Exercise —
I need the records below restated word for word, without their pictures.

Dataset entries:
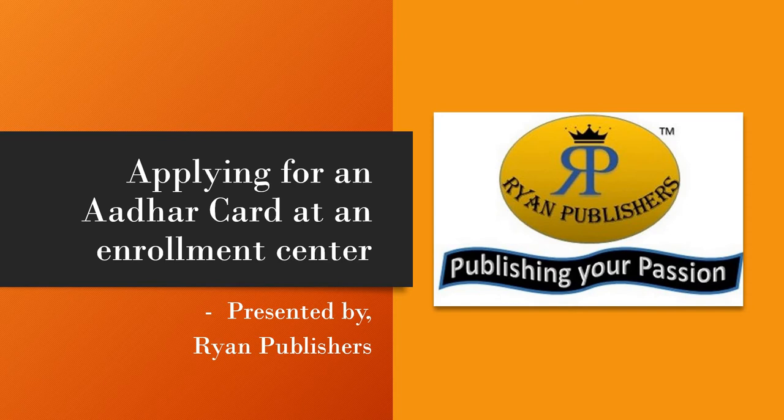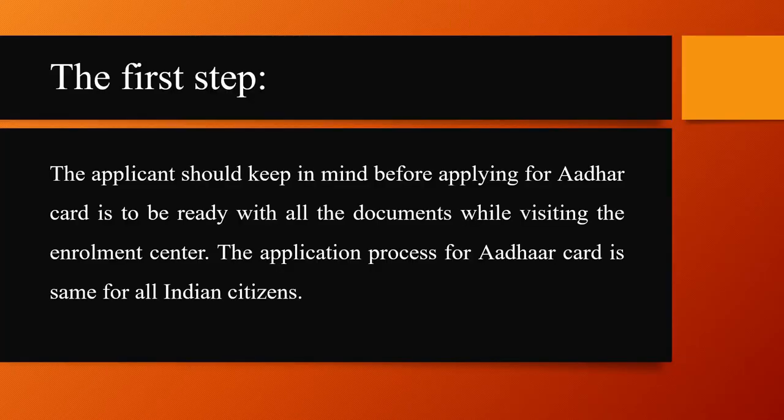Hello viewers, thank you for tuning into our channel. In today's video, we'll be seeing about applying for an Aadhaar card at an enrollment center, presented to you by Ryan Publishers.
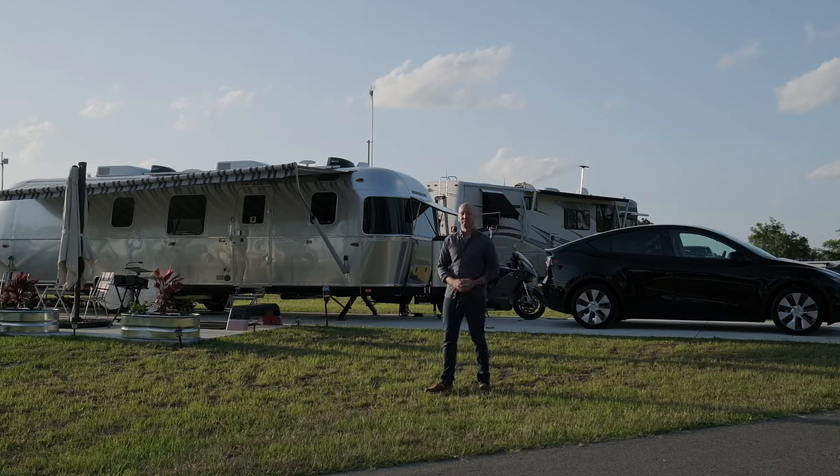Hey, we're here in Orlando, Florida, and these are my initial impressions of the Airstream Classic 33FV.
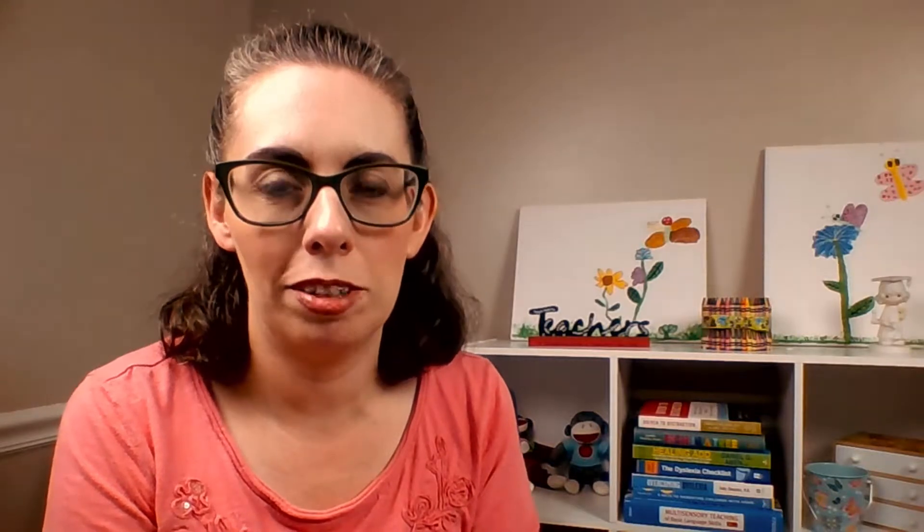Hi! Welcome to Ask Me About Dyslexia. My name is Pam Spock and I'm a Dyslexia Specialist. You may notice that things look a little different back here. That's because I've been redoing my office this week, and pretty soon when it's all done, I promise you I will do an office tour.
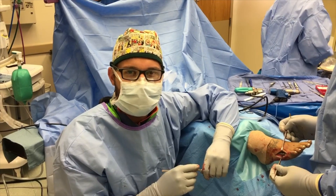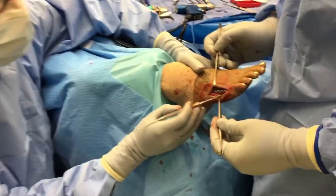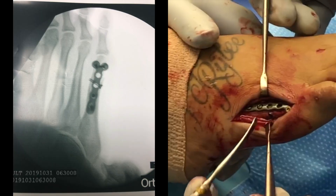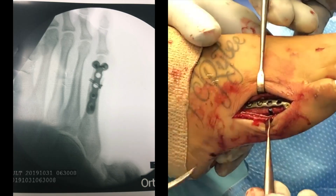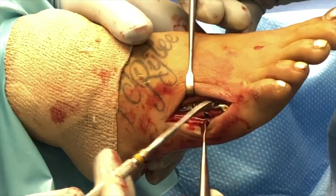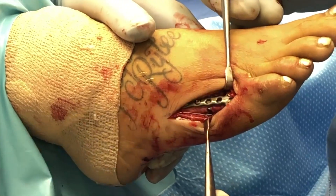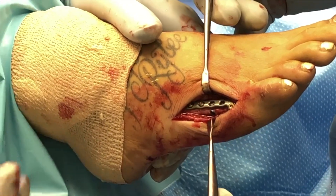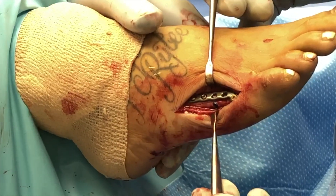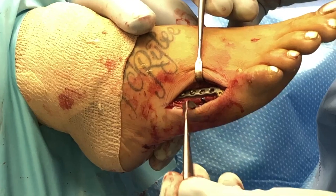Just at the end of the case here, I just want to show you the hardware we used. We have a little blue screw at the tip of my instrument here that comes across the fracture fragment to compress it together. And then because this patient needs to weight bear early, we use the plate over top of it — we have one, two, three, and there's a fourth screw hiding underneath soft tissue up there. This will allow the patient to weight bear approximately 10 to 12 days post-op. We'll close her up and she'll be good as new.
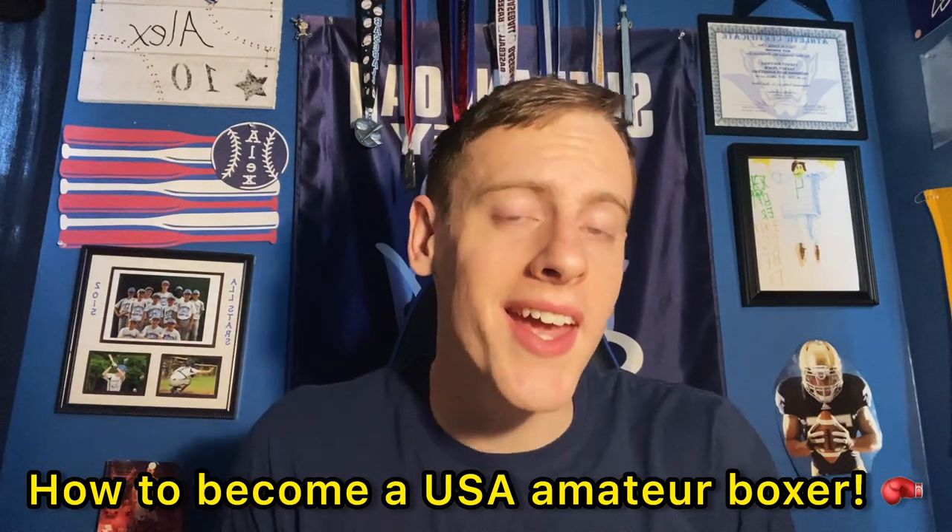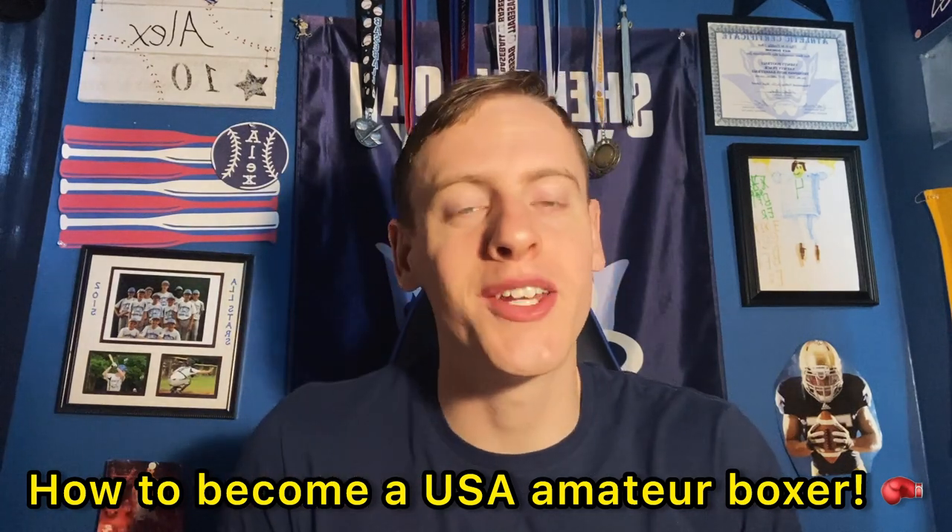If you are interested in becoming a USA amateur boxer, this video is for you. Welcome back to another YouTube video. Today I'm going to be making a video showing you how to register as a USA amateur boxer, whether it's you or a family member who's interested in becoming a USA amateur boxer.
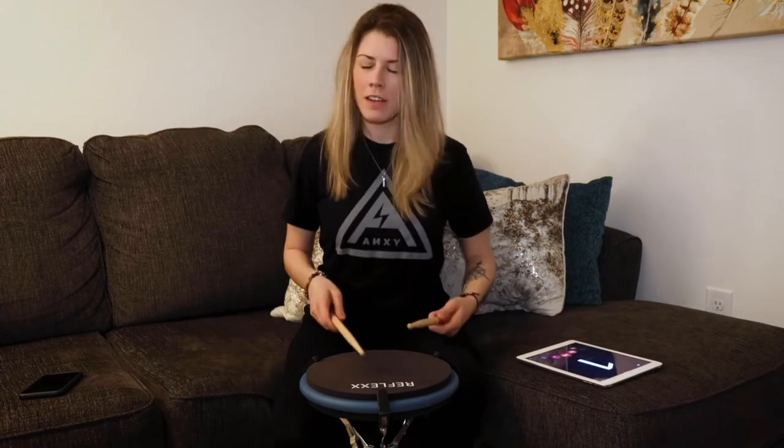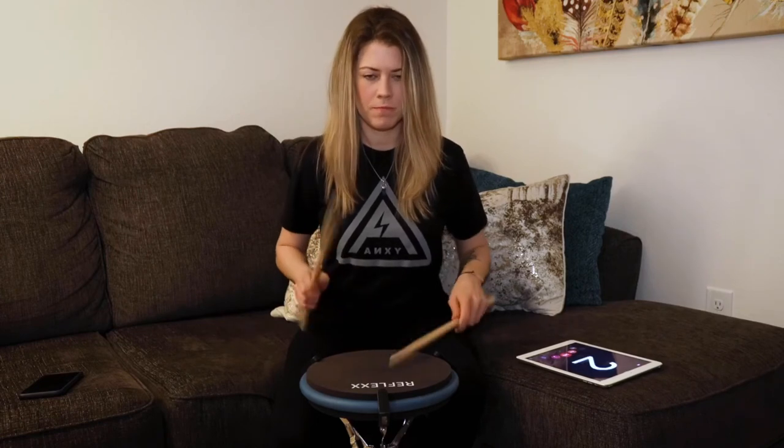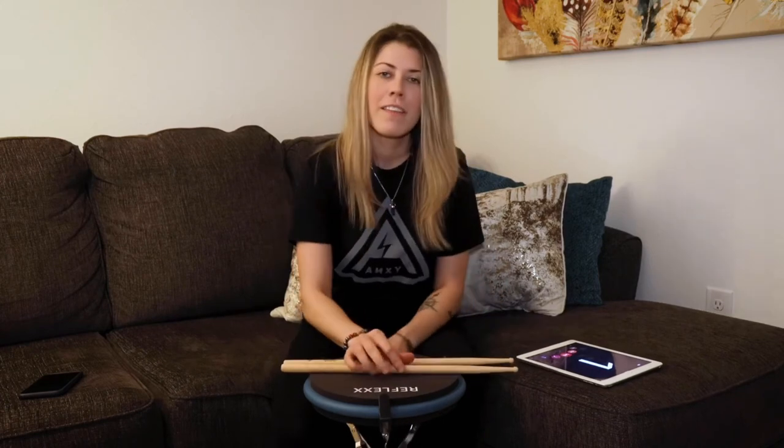I can play at about 1.45 until I start getting sloppy. Let's see if I can do it. Thanks for tuning in to my cozy COVID couch sessions. We'll see you next time.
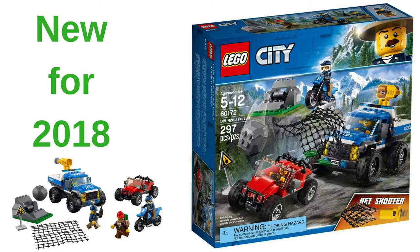My guess is it's going to be either $24.99 or $29.99 depending upon how LEGO wants to price it. My guess is it's probably going to be $30 — LEGO City seems to be a little bit higher priced than other sets sometimes.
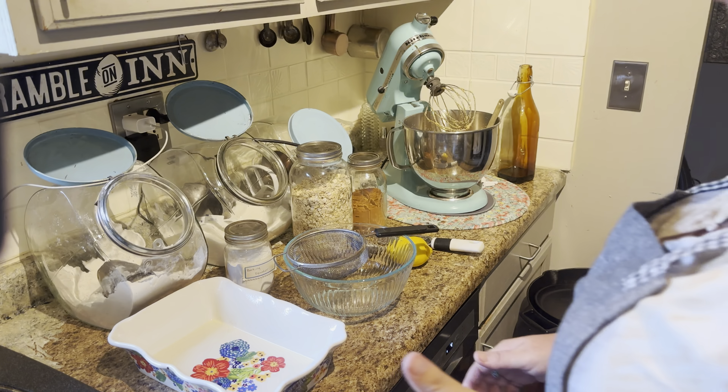Hey guys, it's Chelsea from Our Urban Homestead. Welcome back to the kitchen! Today I'm going to be doing a recipe sent to me by my friend and bosom buddy Patty — so Patty, thank you so much. I cannot wait to eat it because the pictures you sent look absolutely delicious. We're making blueberry pie bars. Yum, right?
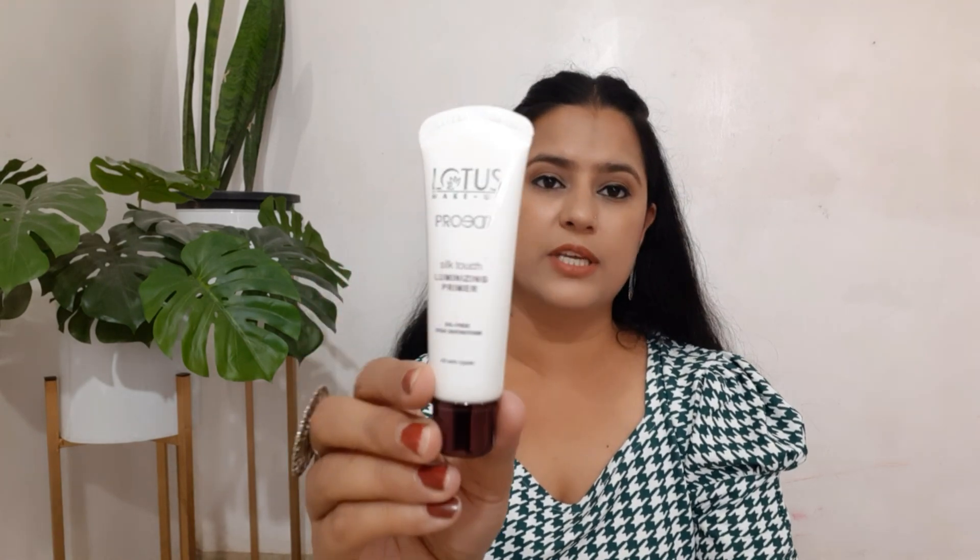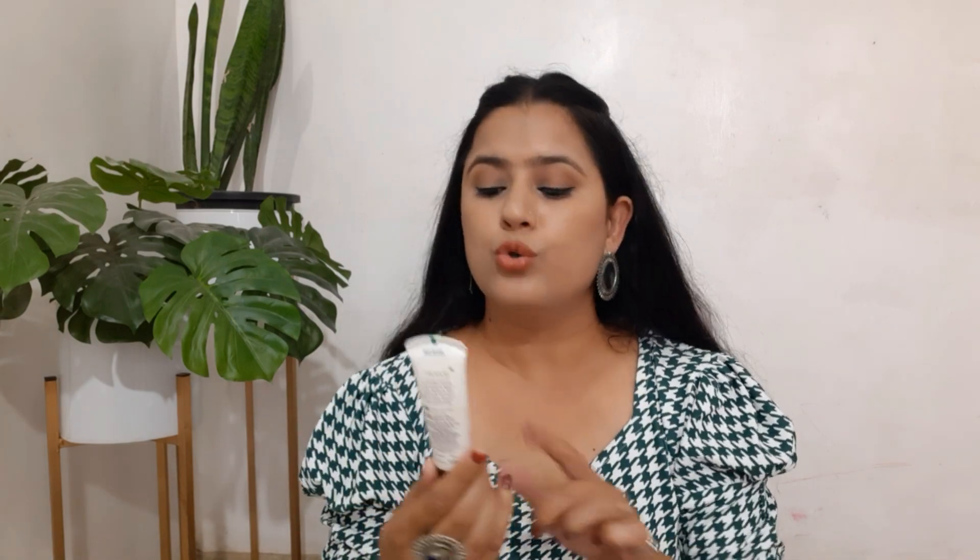Lotus products are one of my favorite products, even not just in makeup. I have tried a lot of skin care products from Lotus and they were amazing. I have been using this primer for almost 4-5 months now for a long time.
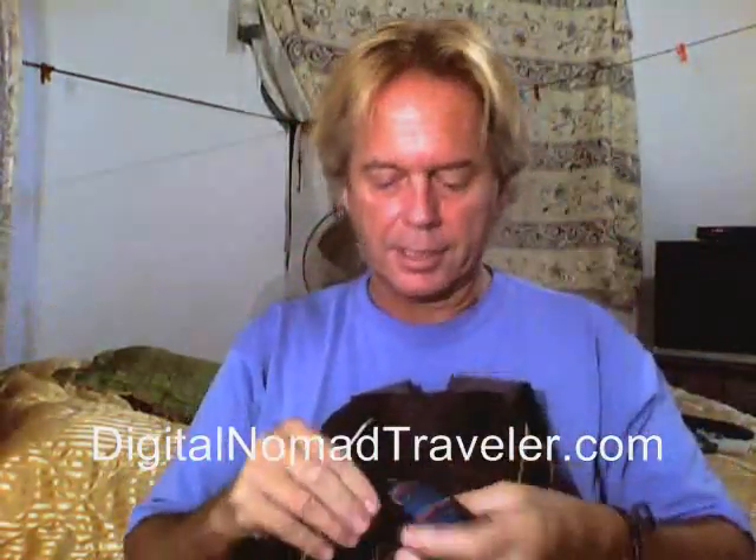I just pop them out of the camera. I have in my backpack two or three of these little bags. They do get heavy, I guess, but what's nice is I just open them up — they're a little coin bag.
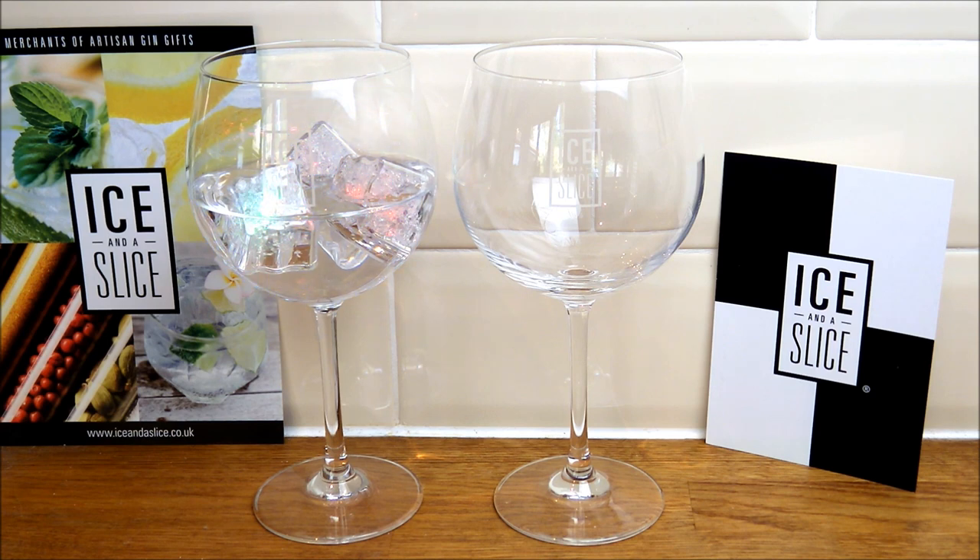We're taking a look today at the gift-boxed gin balloon glasses. You get two in a set, and as you can see from the intro to the video, the packaging is really extensive, and it arrived in perfect condition as well. So you get these two gin glasses.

Answer box —
Hello viewers, thank you for tuning into our channel. In today's video, we'll be seeing about applying for an Aadhaar card at an enrollment center, presented to you by Ryan Publishers.
Hey, we're here in Orlando, Florida, and these are my initial impressions of the Airstream Classic 33FV.
Hi! Welcome to Ask Me About Dyslexia. My name is Pam Spock and I'm a Dyslexia Specialist. You may notice that things look a little different back here. That's because I've been redoing my office this week, and pretty soon when it's all done, I promise you I will do an office tour.
Just at the end of the case here, I just want to show you the hardware we used. We have a little blue screw at the tip of my instrument here that comes across the fracture fragment to compress it together. And then because this patient needs to weight bear early, we use the plate over top of it — we have one, two, three, and there's a fourth screw hiding underneath soft tissue up there. This will allow the patient to weight bear approximately 10 to 12 days post-op. We'll close her up and she'll be good as new.
If you are interested in becoming a USA amateur boxer, this video is for you. Welcome back to another YouTube video. Today I'm going to be making a video showing you how to register as a USA amateur boxer, whether it's you or a family member who's interested in becoming a USA amateur boxer.
I can play at about 1.45 until I start getting sloppy. Let's see if I can do it. Thanks for tuning in to my cozy COVID couch sessions. We'll see you next time.
My guess is it's going to be either $24.99 or $29.99 depending upon how LEGO wants to price it. My guess is it's probably going to be $30 — LEGO City seems to be a little bit higher priced than other sets sometimes.
Hey guys, it's Chelsea from Our Urban Homestead. Welcome back to the kitchen! Today I'm going to be doing a recipe sent to me by my friend and bosom buddy Patty — so Patty, thank you so much. I cannot wait to eat it because the pictures you sent look absolutely delicious. We're making blueberry pie bars. Yum, right?
Lotus products are one of my favorite products, even not just in makeup. I have tried a lot of skin care products from Lotus and they were amazing. I have been using this primer for almost 4-5 months now for a long time.
I just pop them out of the camera. I have in my backpack two or three of these little bags. They do get heavy, I guess, but what's nice is I just open them up — they're a little coin bag.
We're taking a look today at the gift-boxed gin balloon glasses. You get two in a set, and as you can see from the intro to the video, the packaging is really extensive, and it arrived in perfect condition as well. So you get these two gin glasses.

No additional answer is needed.